BENİM GÜNEŞLİ BİR KARAKTERİM VAR
Sizin konserleriniz sadece klasik müzik konserleri değil. Oldukça eğlenceliler de. Klasik müziği eğlenceli hale getirmeyi nasıl başardınız?
- Bence bu benim karakterimle alakalı. Benim “güneşli” bir karakterim var. Her zaman espriler yaparım, sorunları esprilerle, mizahla çözerim. Hayatta yeterince mizah yok. Her gün dünyanın sorunlarıyla ilgili bir sürü şey öğreniyoruz, biliyoruz. Birbirimize saygı duymaya başlayıp, mizahı daha çok kullandığımızda sorunların çoğu çözülmüş olacak. Klasik müziği de ben hep böyle düşündüm. Benim babam klasik müzik orkestra şefiydi.
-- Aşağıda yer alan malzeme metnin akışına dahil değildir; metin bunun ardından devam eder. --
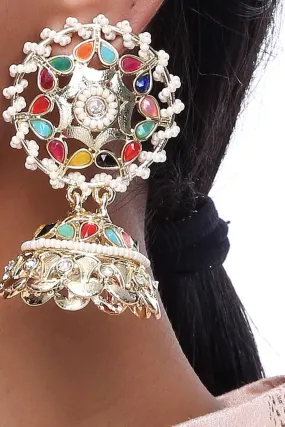 Alloy Jhumka Dangling Earrings in Multi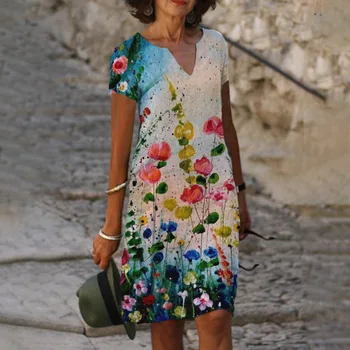 2023 Femei Rochie de Primavara-Vara de Îmbrăcăminte de Moda cu Maneci Scurte Florale Imprimate Rochii Femei Plus Dimensiune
Onun da bütün dünyası müzikti. Bir Polonyalı gazeteci, “Mozart’ın zamanında klasik müzik yoktu, müzik vardı” demişti ve çok haklıydı. Herkes onun müziğini, ezgilerini bilirdi. Ardından hiç anlamadığım bir şekilde bir anda bu elit/seçkinci tavır ile müziği klasik ve diğerleri olarak ayırdılar. Yani klasik müzik elit, diğerleri değil. Gençliğimde de bunun doğru olmadığını hep düşündüm. Bu yüzden klasik müziği ait olduğu yere, sokağa geri getirmeye çalışıyorum. Bu sebeple her zaman arenalarda, açık havada herkesin gelip dinleyebileceği yerlerde çalıyorum.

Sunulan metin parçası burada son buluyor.